During my first breakup, I had decided that nobody knew this depth of loss or heartbreak I was experiencing: it was worse than death because there’s a corpse to project the mourning onto, there’s a God to blame, or a universe to curse. However, for me, at the tender age of 20, I had to mourn and grieve alone because there was no corpse or tragedy to project this heartbreak on to, it was just two people that changed the agreement of their relationship. But to me, that truth didn’t hold the emotional devastation that I was going through and how unique in my own pain I felt.

At the end of Phyllis Hyman’s “Living All Alone” she whistles. She takes a sound that is usually associated with a jovial, carefree moment and attached it to the end — as the climax — of her pain of being alone and having dreams of togetherness, romantic love that just seems impossible to create.
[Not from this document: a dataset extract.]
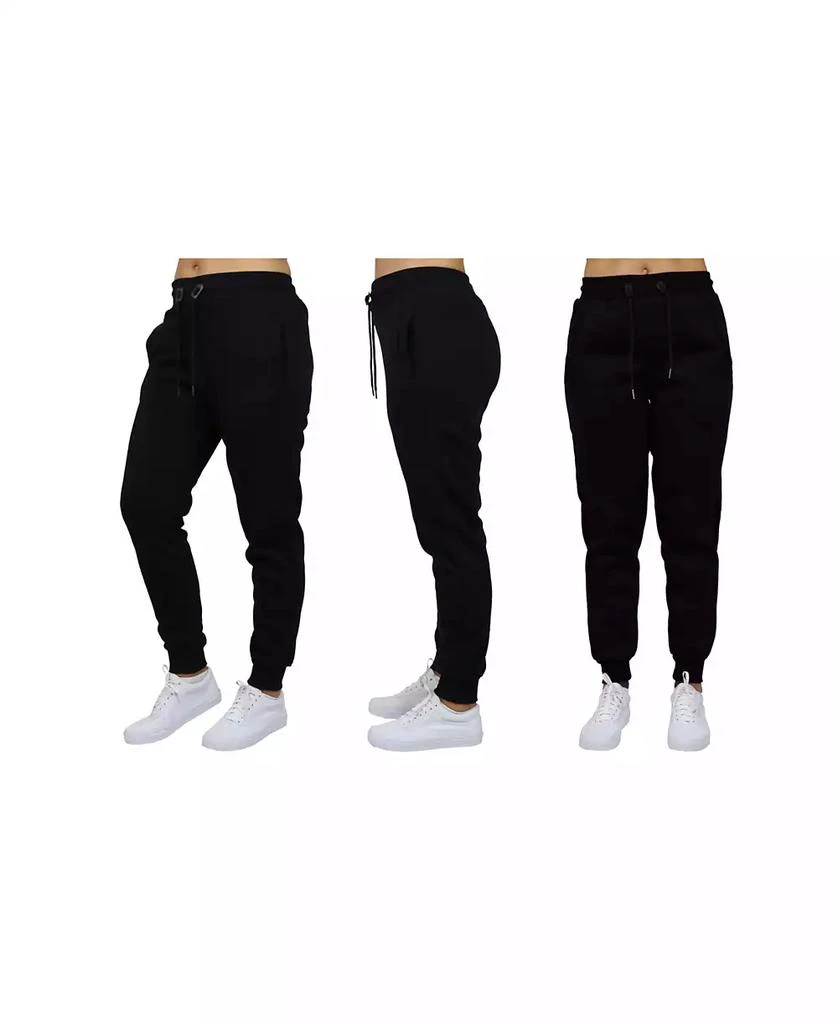 Galaxy By Harvic Women's Loose Fit Jogger Pants 1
And as if no other lyrics or vocal approaches could satisfy her deep pain that she rejected finding more fantastical noises to describe her pain, and just opted to whistle like one does while walking in the rain, perhaps too preoccupied by the storm happening in one’s own love life to be distracted by the downpour. Therein lies what made Hyman’s heartbreak and loneliness different to me: the generosity. She invited us into her blues. Phyllis Hyman made anthems and blueprints on how to survive sadness through her own vocals and both the lyrics she wrote and appropriated.

The tragic thing about my patron saint of loneliness is that she ended her life by suicide, and selfishly I mourn her music and her unique relationship with sadness. Of course, her life, existed outside of her career and even her sadness, she was a real woman with a complicated interior life and relationship with her darkness. But by golly wow, if she did not make the very human conditions of heartbreak, desire, loss and sadness into fantastic anthems for the lonely.